Harry Johnson walked up the familiar steps of his grandmother’s front porch and tapped on the door. “Door’s open,” she said, “come on in.”

Seeing him, she dusted the flour from her hands into her apron. “Harry,” she said, her wrinkles wreathing her face into ripple after ripple of smile. “Did you have a good trip?” She gave him a bone-cracking hug.

“I had a great trip, Gramma,” he said. “How was yours?”

She guided him to the table and set a cup of coffee before him, then she plunged her hands once more into the pie dough. “Well,” she said, “I can’t complain. Yarik had a spot of trouble adjusting the orbits. Lost the red peppers and the basil, I think. But Yarik’s young. Next time, I imagine, they’ll get it right the first try.”

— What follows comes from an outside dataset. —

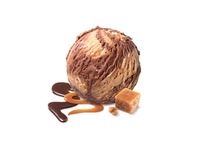 Crème glacée chocolat noir & caramel au beurre salé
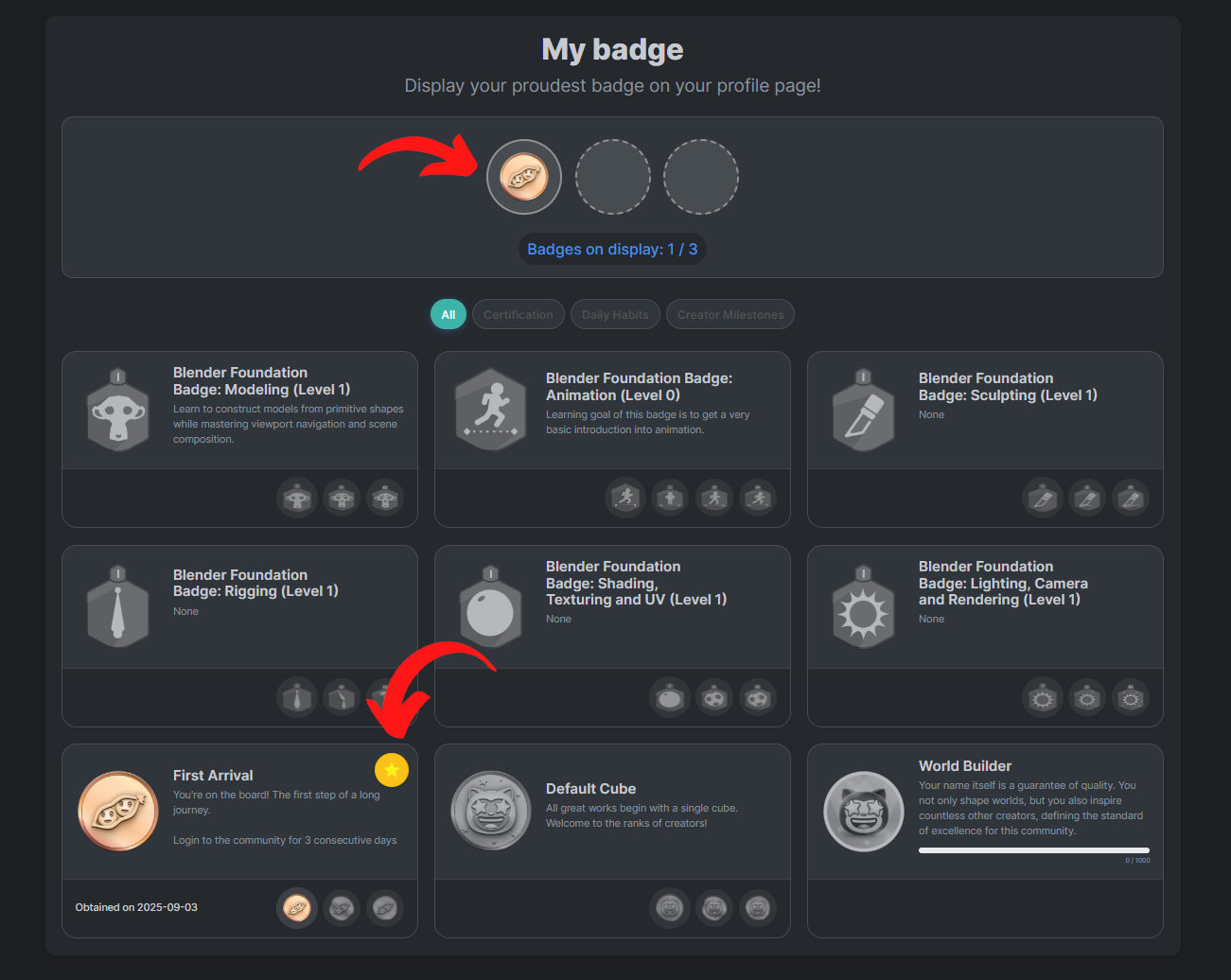 Origin Iv Tutorial The badge system is now available in the community! – Blog - Origin CG ...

“Yarik says you’re the stubbornest person he… she?… ever met.”

“Yes, dear,” said Cora Jowett. “I know. But I couldn’t see leaving the moon behind. After all, the National Geographic says even clams respond to the tides—and there wouldn’t be a tide without a moon, now would there? And, as for having the kids pick up the Evacuation Fleet—well, I could hardly wait forty years for you to arrive, now could I?”

Probably she could have, Harry Johnson thought. And he’d have found her just the same, flour up to her wrists—or throwing feed to the hens, the only animals she kept these days. Or he might have found her sneaking milk to the barn cat with the new litter of kittens or on her knees in the garden, pulling out the dandelions. The tenderest parts of the dandelion would go into the salad…

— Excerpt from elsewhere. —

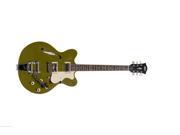 Hofner Limited Edition Verythin Electric Guitar with Bigsby Olive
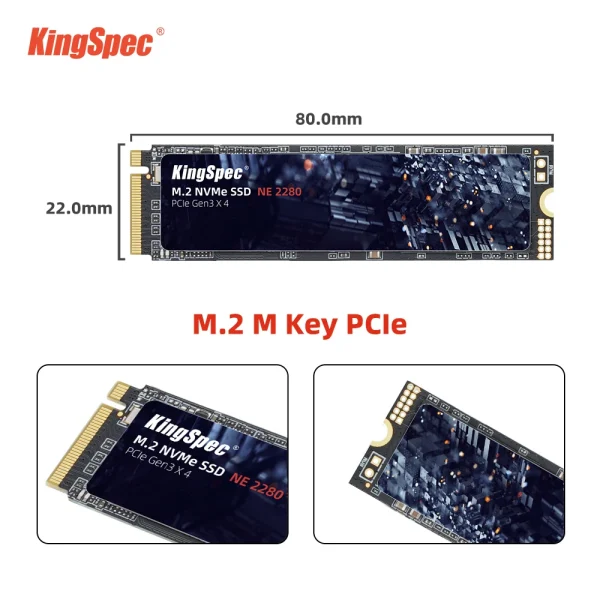 KingSpec SSD M2 512GB NVME SSD 1TB 128GB 256GB 500GB ssd M.2 2280 PCIe Hard Drive Disk Internal Solid State Drive for Laptop - Image 2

“Gramma,” he said, shaking himself from this reverie. “Gramma, the president of the UN wants to see you.”

“Tell him I’m busy,” she said. “And while you’re at it, tell him you and Milly and Seabright and all my grandkids are busy, too. You’re all taking two weeks off. You can arrange to take two weeks off, can’t you? Susie Williamson can take over for that long.”

Harry Johnson laughed. “Gramma, the world will give you anything you ask for—that’s what he wants to see you about.”

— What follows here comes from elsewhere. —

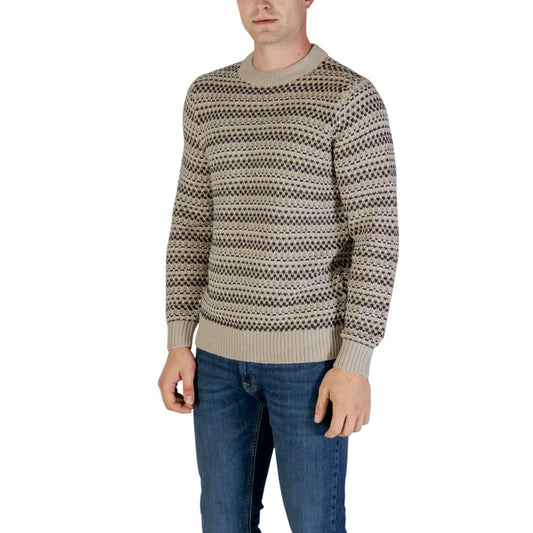 Only & Sons Beige Cotton Sweater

“Good.” Cora took the rolling pin to the pie dough. “Then tell him I want an airplane and a pilot.”

“I beg your pardon?”

She draped the dough expertly into the pie plate and raised the plate to eye-level to shave around its edge. “I’m taking my children and my grandchildren and my great-grandchildren to Egypt to see the pyramids. And I’m not sure where we’ll go from there—but it’s a big world, Harry, and Yarik and Sproole and Tan and I never got to finish our tour.” She heaped the pie with sliced apples, dotting them with butter, and laid the upper crust atop it. When she’d pricked the top, she slid it into the oven. “You’ve time to stay for pie, haven’t you?”

Harry Johnson knew he had time to stay for pie—and time to see the pyramids—after all, Grandma Cora was the stubbornest broad on Earth. Granddad always said so.